§ EXERCISE INSTRUCTIONS: Every picture stays out; everything else in the listing below is to be returned exactly.

§ DATA:
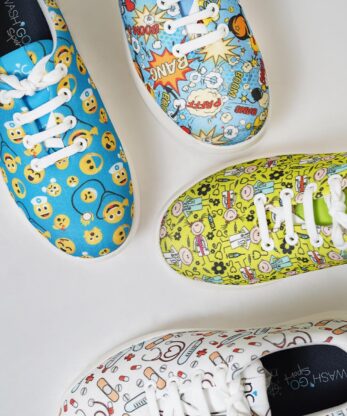 Três pares de tênis Wash’Go Sport Rubi, com designs coloridos e divertidos, semelhantes a desenhos animados, com cadarços brancos, exibidos sobre um fundo simples.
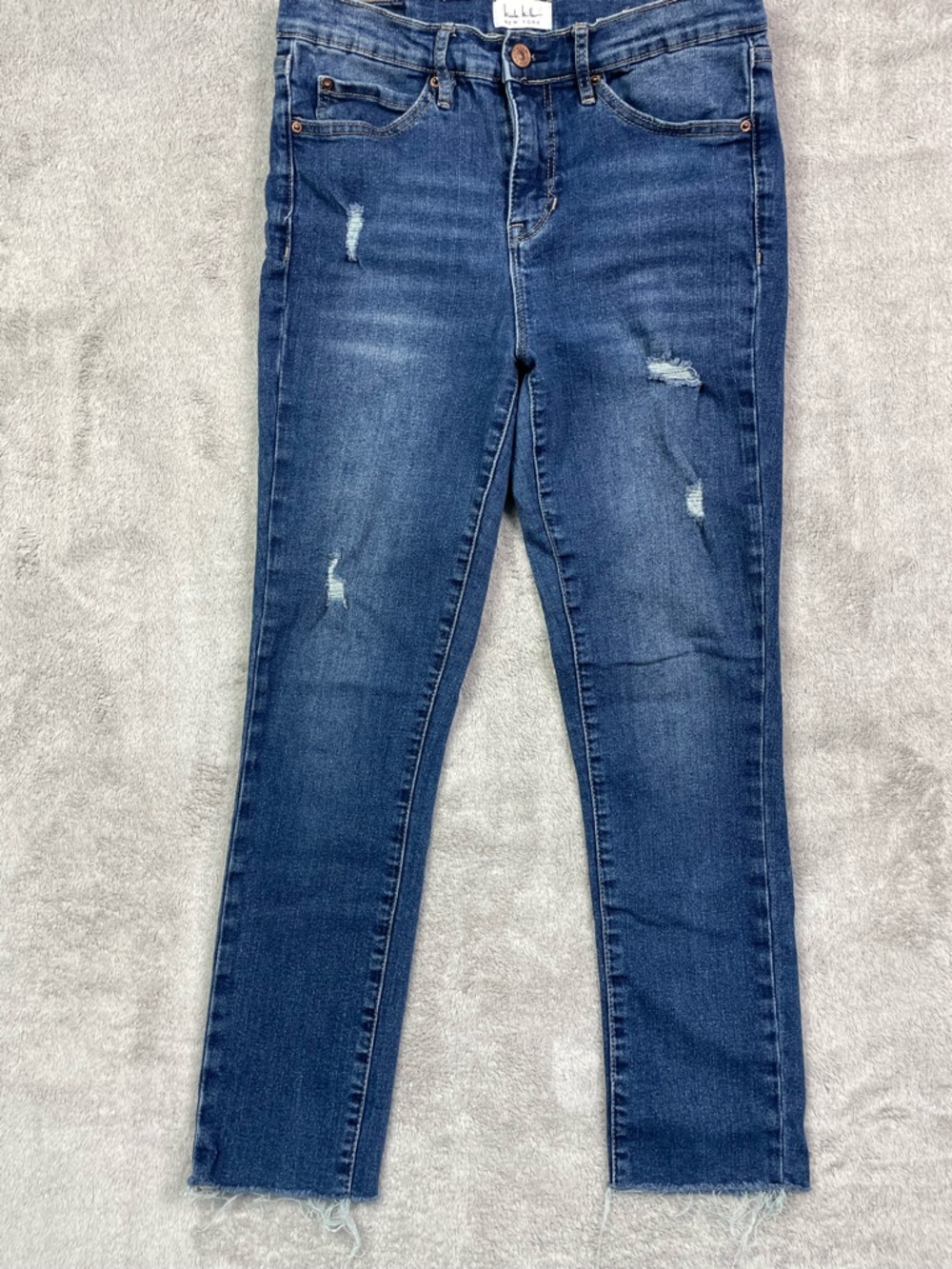 Nicole Miller Soho‎ High Rise Skinny Crop Distressed Jeans Size 4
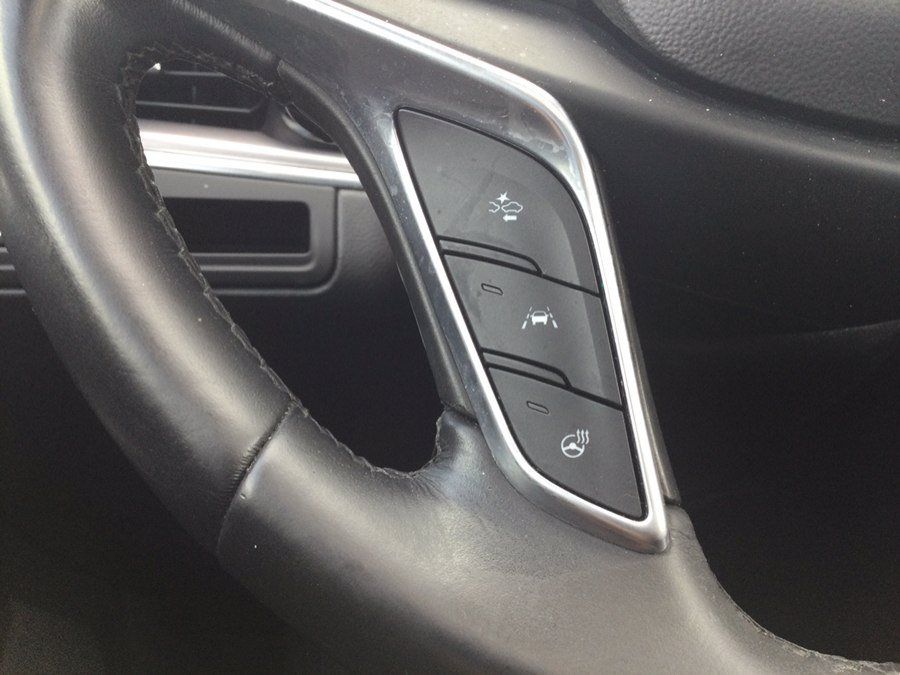 Used 2018 Cadillac XT5 Luxury w/ Driver Awareness Package AWD/4WD image 29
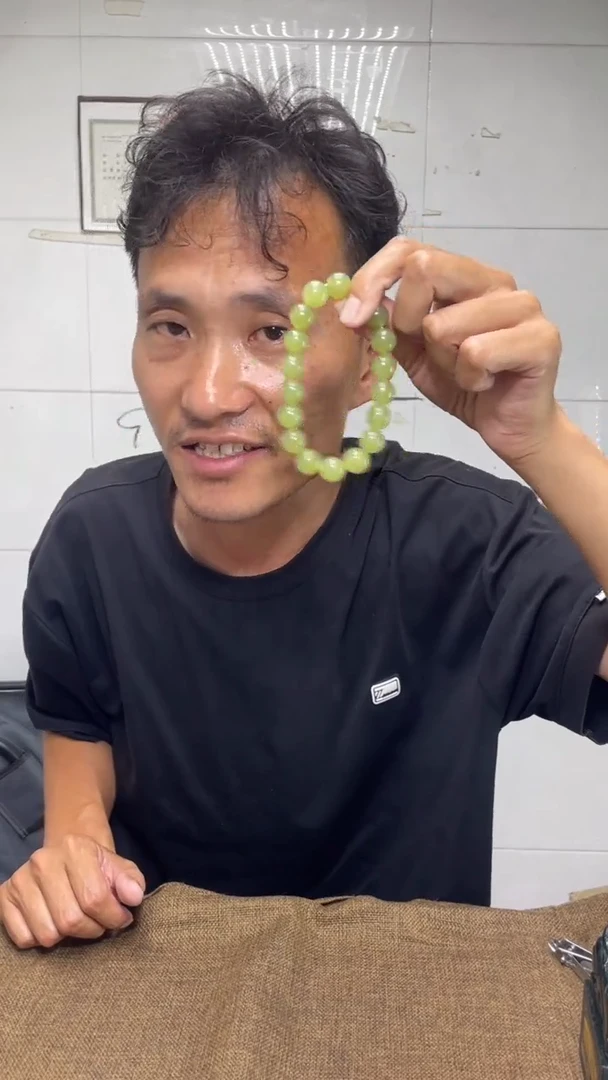 和田玉未镶嵌挂件1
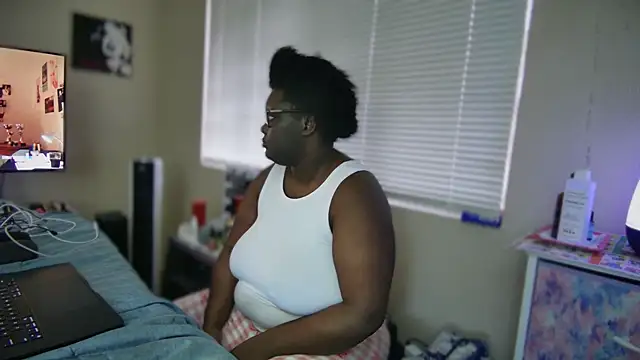 Snapshot of Yagurl__west chatting on February 17, 12:43 am Yagurl west online show from February 17, 12:43 am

§ THE ANSWER:
 Três pares de tênis Wash’Go Sport Rubi, com designs coloridos e divertidos, semelhantes a desenhos animados, com cadarços brancos, exibidos sobre um fundo simples.
 Nicole Miller Soho‎ High Rise Skinny Crop Distressed Jeans Size 4
 Used 2018 Cadillac XT5 Luxury w/ Driver Awareness Package AWD/4WD image 29
 和田玉未镶嵌挂件1
 Snapshot of Yagurl__west chatting on February 17, 12:43 am Yagurl west online show from February 17, 12:43 am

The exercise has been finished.